The Prime Minister first brought up “small point” about General Gruenther. The President explained that Secretary of Defense and others had wanted him to take Gruenther out of NATO for positions here, but that he would not do it. The Prime Minister said that he had been asked by Viscount Montgomery to put in a very strong plea to keep General Gruenther in Europe; the President said, “I will guarantee no change.”

The President then brought up the topic of “reconnaissance” in forces which the Prime Minister had referred to in conversation the previous night (i.e., a meeting of the leaders of Soviet Russia, Great Britain and the United States).3

The President would not agree to a meeting anywhere under the present Soviet rule, but did not object to Churchill’s suggestion of either Stockholm or London.

The President tried to urge the Prime Minister to (1) make the first move through diplomatic channels, and (2) include France. As to the first, the Prime Minister feels he can approach the matter obliquely, either through Malik or directly to Malenkov, by saying something to the effect, “How would you feel if you were asked to go to a big three meeting?” etc. The President tried to stress that [Page 1098] opportunity should not be given to Malenkov to “hit the free world in the face.”

They discussed Red China. Of admittance to the UN, Churchill said, “My line about recognition is that there has got to be peace first.” The President said that if they would withdraw to their own borders, release our prisoners, and say they would observe propriety in international relationships, he would consider using his influence to obtain recognition.

Some discussion of Eden’s relationship with Dulles here. Churchill said that Dulles has said a couple of things to Eden that need not have been said.

The President (going back to the question of meeting) thought it ought to be stressed that meeting would be concerned only with European affairs. Churchill thought that he could ask that Russians sign Austrian treaty. About this he said, “It is a dream; if I were a Russian I should think it would be good politics.”

Churchill said that when he came to see Truman two years ago,4 he telegraphed Malenkov about the trip; he did not inform him of this trip because he considered the “old friendship” basis so different.

Eisenhower suggested that the matter be talked over with Eden and Dulles. He again suggested ordinary diplomatic channels, but Churchill did not agree to that. He suggested Sir Winston might use as excuse his age, but Sir Winston did not agree to that.

At this point the President also said he would think favorably of The Hague as a meeting place.

Churchill does not want to inquire until he returns to England, of course; thinks he can find out 48 hours after his return.

About nations to be asked, Churchill said: “Two is company; three is hard company; four is a deadlock.”

Churchill implied that he was going to turn things over to Anthony Eden some time before their elections in fall of ’55.

Some discussion of salaries of members of Parliament and of Congress; and of their own financial situations.

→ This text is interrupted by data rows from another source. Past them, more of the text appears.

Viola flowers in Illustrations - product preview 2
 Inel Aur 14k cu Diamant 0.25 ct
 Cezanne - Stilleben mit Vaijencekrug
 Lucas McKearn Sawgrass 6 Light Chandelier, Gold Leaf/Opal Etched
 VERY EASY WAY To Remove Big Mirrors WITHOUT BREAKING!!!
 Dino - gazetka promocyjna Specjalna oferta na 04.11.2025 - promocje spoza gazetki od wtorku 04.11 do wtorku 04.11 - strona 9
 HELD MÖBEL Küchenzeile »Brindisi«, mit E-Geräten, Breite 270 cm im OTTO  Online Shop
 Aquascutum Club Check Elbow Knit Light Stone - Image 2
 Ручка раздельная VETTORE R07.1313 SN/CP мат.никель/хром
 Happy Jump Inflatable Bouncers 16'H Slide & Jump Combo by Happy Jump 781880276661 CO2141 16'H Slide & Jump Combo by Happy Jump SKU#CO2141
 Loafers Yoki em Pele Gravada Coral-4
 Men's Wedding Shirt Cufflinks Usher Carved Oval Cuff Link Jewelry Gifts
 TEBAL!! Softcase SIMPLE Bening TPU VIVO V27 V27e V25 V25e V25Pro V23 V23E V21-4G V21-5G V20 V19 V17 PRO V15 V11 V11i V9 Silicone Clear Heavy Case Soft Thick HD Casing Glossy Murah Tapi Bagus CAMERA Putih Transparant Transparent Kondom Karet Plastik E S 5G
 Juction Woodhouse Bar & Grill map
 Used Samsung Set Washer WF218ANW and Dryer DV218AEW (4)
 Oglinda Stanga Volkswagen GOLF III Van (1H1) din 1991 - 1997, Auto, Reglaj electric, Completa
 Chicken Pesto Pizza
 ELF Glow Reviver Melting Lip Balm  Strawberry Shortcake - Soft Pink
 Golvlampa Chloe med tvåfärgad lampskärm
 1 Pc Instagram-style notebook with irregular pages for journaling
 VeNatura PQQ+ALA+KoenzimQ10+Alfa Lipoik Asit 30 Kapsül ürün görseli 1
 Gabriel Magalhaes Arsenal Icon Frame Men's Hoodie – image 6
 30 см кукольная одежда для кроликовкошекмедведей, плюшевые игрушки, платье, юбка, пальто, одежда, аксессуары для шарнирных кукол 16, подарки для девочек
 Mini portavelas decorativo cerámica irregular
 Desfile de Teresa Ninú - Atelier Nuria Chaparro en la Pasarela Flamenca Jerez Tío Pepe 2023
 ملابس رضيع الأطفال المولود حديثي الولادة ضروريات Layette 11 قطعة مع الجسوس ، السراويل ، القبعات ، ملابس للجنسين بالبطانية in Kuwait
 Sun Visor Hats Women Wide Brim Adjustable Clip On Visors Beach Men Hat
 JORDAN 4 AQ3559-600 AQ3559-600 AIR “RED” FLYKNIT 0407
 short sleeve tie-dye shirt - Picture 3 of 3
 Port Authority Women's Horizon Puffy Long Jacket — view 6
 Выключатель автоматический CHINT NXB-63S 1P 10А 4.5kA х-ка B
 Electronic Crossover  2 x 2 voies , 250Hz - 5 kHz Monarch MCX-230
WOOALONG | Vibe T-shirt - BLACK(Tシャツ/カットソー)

Referring again to primary subject of conversation, Churchill’s tentative inquiry about Big Three meeting, he said, “I swear to you that I will not compromise you in the slightest.” The President suggested again the matter be talked over with Foster Dulles. He said this was one field where he was completely inexperienced in the kind of negotiations, and he was therefore unsure as to exactly what was right thing to do. The President, “I am not afraid to meet anybody face to face to talk to him, but the world gets in a habit of [Page 1099] expecting a lot.” He said he could conceive of going to the first day of such a conference meeting and coming home, leaving the Vice President and Foster Dulles there, and then perhaps going back for the last five days of such a conference.

Subject of rearmament of Germany brought up, and what Mr. Churchill would say at Senators and Congressmen’s luncheon.

Then Churchill read the “Atlantic Charter #2.” At the end, he said, “Damned good,” and offered two minor word changes. He said, “I can’t tell you how I like it compared to what we had to face in Bermuda with that damned communiqué.”5

. . . . . . .

President suggested that Prime Minister might want to speak at luncheon for legislative leaders, a little about Egypt, Iran & Trieste.

  1. For a record of the luncheon with the legislative leaders, see the attachment to the entry from Hagerty’s diary, infra.
  2. See Document 353.
  3. Regarding this discussion, see Document 468.
  4. For documentation on the TrumanChurchill talks, held at Washington Jan. 5–18, 1952, see Documents 311 ff.
  5. For documentation on the Bermuda Conference, Dec. 5–8, 1953, see vol. v, Part 2, pp. 1710 ff.